4th Sunday of Advent  B.  December 18, 2011.  Our Lady of Grace 5:15, 7:30.  2 Samuel 7:1-5, 8b-12, 14a-16.  Romans 16:25-27.  Luke 1:26-38.

 

Do any of us really matter?  Does what we do have any chance of making the world a better place?  Alone we are like a grain of sand being tossed around in the deep, mysterious and unpredictable ocean of life. 

 

Mary was a teenager in a world that didn’t expect great things from women.  She was a poor woman living in an unimportant country enslaved by the Roman Empire.  She lived in a no place town called Nazareth.  Of all the people in the world to be ignored and forgotten Mary was close to the top of the list.  She was nobody from nowhere.  Mary knew who she was.  When the angel appeared to her she was afraid.  Yet Mary took the visit of the angel very seriously.  The angel told her that she was to be the mother of the long awaited Messiah.  She didn’t say “why me?” or “not me” or “why don’t you look for someone more important, more educated, or more powerful?” Mary simply said “Yes.”  “Behold the handmaid of the Lord.  Be it done onto me according to your word.”   The whole thing was a mystery to her at the beginning and perhaps throughout much of her life.  Mary would later say, “God has looked upon me in my nothingness.”  The yes of this teenage woman changed the history of the human race.  Her yes welcomed God into her womb as a member of the human race.  No matter how fierce the struggle is, the victory will surely be ours in and because through Mary’s yes God is with us and God is truly one of us. Even those who do not believe in the divinity of Jesus can see that Mary gave birth to the greatest spiritual revolution in the history of the human race.  Who would have believed that the yes of a poor girl from Nazareth could be that powerful and that important?

 

Mary’s yes took much longer than a brief moment.
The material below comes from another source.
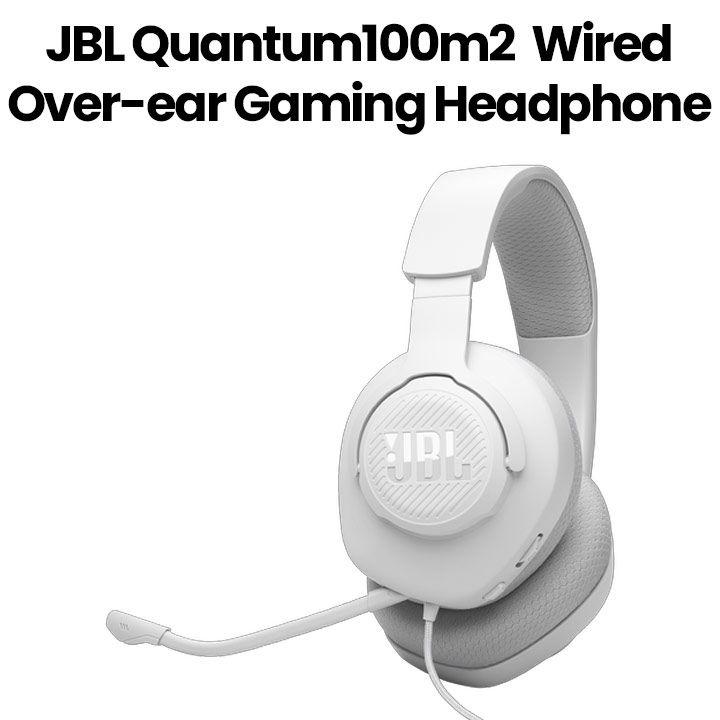 JBL Quantum 100 Wired Over-Ear Gaming Headphones with Detachable Mic - White | QUANTUM100M2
It was the task of a lifetime.  Mary had to explain to Joseph and her family how she became an unwed mother.  Perhaps there was gossip in the community before Joseph took her into his home.  She had to say yes to the birth of her baby in a stable, sharing the fate of the poor as she bedded down with the animals.  Her yes demanded that she stand at the foot of the Cross as the son that she loved so dearly was mocked and executed.  Mary said yes to growing old in the midst of the persecuted church of the first disciples – she grew old as a widow and without the physical presence of her son.  Who would have ever thought that a poor woman from no place would have so much courage and strength?

 

Mary teaches us that “yes” is an incredibly powerful word when the person we say yes to is God.  We are a Church of people who have the courage to say “yes” to God.  Most of our great saints are people who were nobody until they heard the voice of God calling out to them in the night.  Pope John Paul II was a factory worker in Communist Poland who studied for the priesthood in secret because of the persecution of the Church in Poland.  When he was elected Pope, I was in class teaching at the seminary.  The TV announcement said that the new pope came from Cracow.  The seminarians all said together Cracow.”  Who ever heard of a pope from Cracow? Who ever heard of a Polish pope?   This little known bishop from Poland was one of the major factors in the fall of Russian Communism.  In large part the wisdom of Pope John Paul working behind the scenes with President Regan helped this to happen without a war – and what an awful war there could have been.  God does great things through those who say yes to him.

 

Mother Teresa of Calcutta was a born in a persecuted Catholic community in Communist Albania.  At the age of eighteen she left Albania to become a Sister of Loreto in Ireland.  Later she founded the Missionaries of Charity and became a world renowned servant of the poorest of the poor in India and throughout the world.  Who would have thought that Communist Albania would be the birthplace of one of the best known servants of the poor?  God does great things though those who say yes to him.

 

Both Pope John Paul and Mother Teresa had a great devotion to Mary and her powerful “yes” to God.  They imitated that yes in their own lives.  What about you and me?  Do we believe that our “yes” to God really matters?   Do we believe that we are the faith-filled people and the good leaders that the Church, the world and our country need today?  Do we believe that saying “yes” to God is the most powerful thing we can do with our lives and for the world today?   How is the Lord asking you to say “yes” this Advent?

 

(Sing with the people Gather 686)

(me)

I, the Lord of sea and sky
I have heard my people cry
All who dwell in dark and sin
My hand will save.

I who made the stars and night
I will make the darkness bright
Who will bear my light to them
Whom shall I send?
(all)
Here I am Lord
Is it I Lord?
I have heard you calling in the night
I will go Lord
If you lead me
I will hold your people in my heart

 

For Mary and all who imitate her in saying “yes” to the Lord we give God thanks and praise.